Virgin Birth, the Color of Fossil Snakes, and More Recent Updates

This post will soon be available in Spanish

As I did in March, I wanted to highlight some recent and exciting updates to some of my older articles.

Snakes That Give Virgin Birth

Phylogenetic pattern of parthenogenesis in snakes
Molecular tree on left, morphological tree on right
From Booth & Schuett 2016
When I wrote about asexual reproduction in snakes in February 2014, new records of this phenomenon were rapidly accumulating, from snakes as distantly related as cottonmouths and boa constrictors. In a new paperWarren Booth and Gordon Schuett review the knowns and unknowns of "virgin birth" in snakes, a subject which has become their specialty (it even has its own Facebook group). Although obligate parthenogenesis is still known only from Brahminy Blindsnakes (Indotyphlops braminus), the new summary reports that facultative parthenogenesis has now been documented in 20 species of alethinophidian1 snakes, and this list is anticipated to grow, although so far confirmed cases are limited to five lineages: boids, pythonids, Acrochordus, Crotalinae, and Natricinae. This new synthesis formalizes one of the trends that I wrote about in 2014, namely distinguishing between "Type A" facultative parthenogenesis, in which the offspring produced are large clutches of viable females that seem to have a strange "WW" sex chromosome arrangement (apparently typical of boas and pythons), and "Type B" facultative parthenogenesis, which is where all the offspring are male and few are born alive, many with extreme developmental abnormalities (apparently typical of colubroids).
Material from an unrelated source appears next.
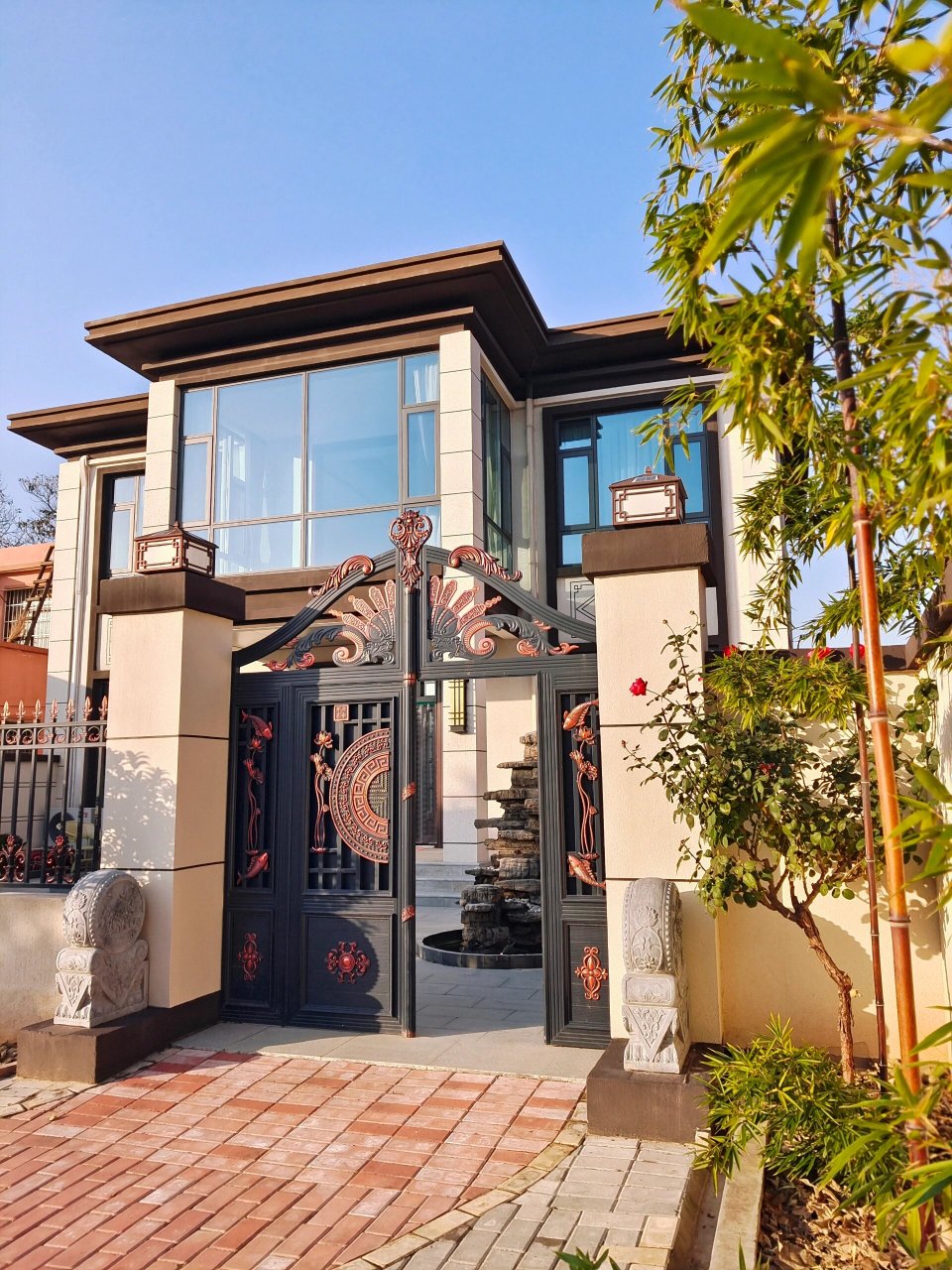 河南一屋主晒出农村300平自建房,堪称全村最豪华住宅!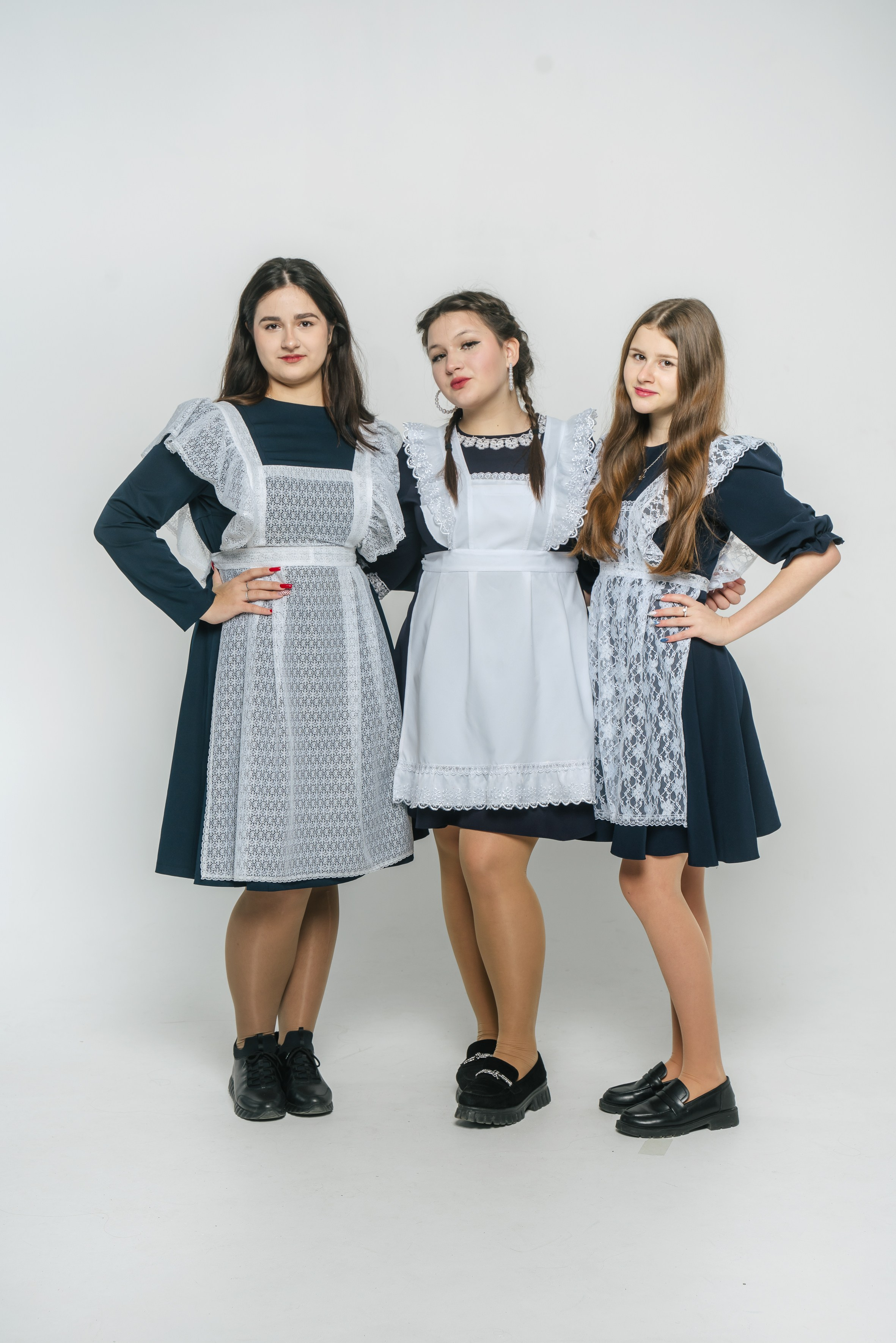 2. Выпускные альбомы, школьные фотосессии в городе Новороссийске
Most intriguing is the hypothesis laid out for explaining this dichotomy: that boas and pythons (and possibly other basal alethinophidian snakes) might have an XY sex determination system rather than a ZW one like most snakes. Changes from ZW to XY or vice versa (and between genetic and temperature-dependent sex determination) have been documented in geckos and turtles, and could have been overlooked in boas and pythons due to their similar-looking sex chromosomes (tests are currently underway to falsify or verify this hypothesis). If true, this would explain the production of all-female offspring by facultative parthenogenesis; instead of WW, those females would be XX, just like humans!

Identifying Snake Sheds

True-color representation of the fossil snake
(MNCN 66503) in McNamara et al. 2016.
The dentition looks too solenoglyphous for a
colubrid, although the 10-million year old specimen,
which is missing its head, has not and
probably can not be identified to species.
Ever since the first reports of color from the skin and feathers of dinosaur fossils were published in Science in 2010, I've been fascinated by the ability of paleontologists to see in color when they look into the past. A new paper in the journal Current Biology reveals the color of a fossil snake, determined from using scanning electron microscopy (SEM) to examine microfossils of certain types of skin cells, called chromatophores. So far, only melanin-based chromatophores (melanosomes, which are responsible for brown and black color) have been detected in fossilized skin and feathers, probably because they are the most resistant to the decomposition process. But, this study was also able to detect and measure other types of chromatophores from fossilized skin, including xanthophores (responsible for yellow, orange, or red color, derived from carotenoids or pteridines) and iridophores (responsible for iridescence). By comparing the fossil's chromatophore abundance and position to that of living reptiles, they were able to reconstruct the original color and pattern of the fossil snake's skin. For example, in the skin of living snakes, xanthophores with many more pteridine granules than carotenoid granules produce a red hue, whereas xanthophores with equal amounts of carotenoid granules and pteridine granules—as in the fossil—produce yellowish hues. Skin regions with abundant iridophores and xanthophores, but relatively few melanophores, are associated with green hues in some living skinks, whereas skin regions with many melanophores, a few xanthophores, and no iridophores suggest correspond to dark brown or black tones. As you can see in the depiction, this snake seems to have had a pale, creamy venter and a green back and sides, with areas of brown/black and yellow/green, perhaps not unlike modern Green Watersnakes (Nerodia floridana) or Boomslangs (Dispholidus typus).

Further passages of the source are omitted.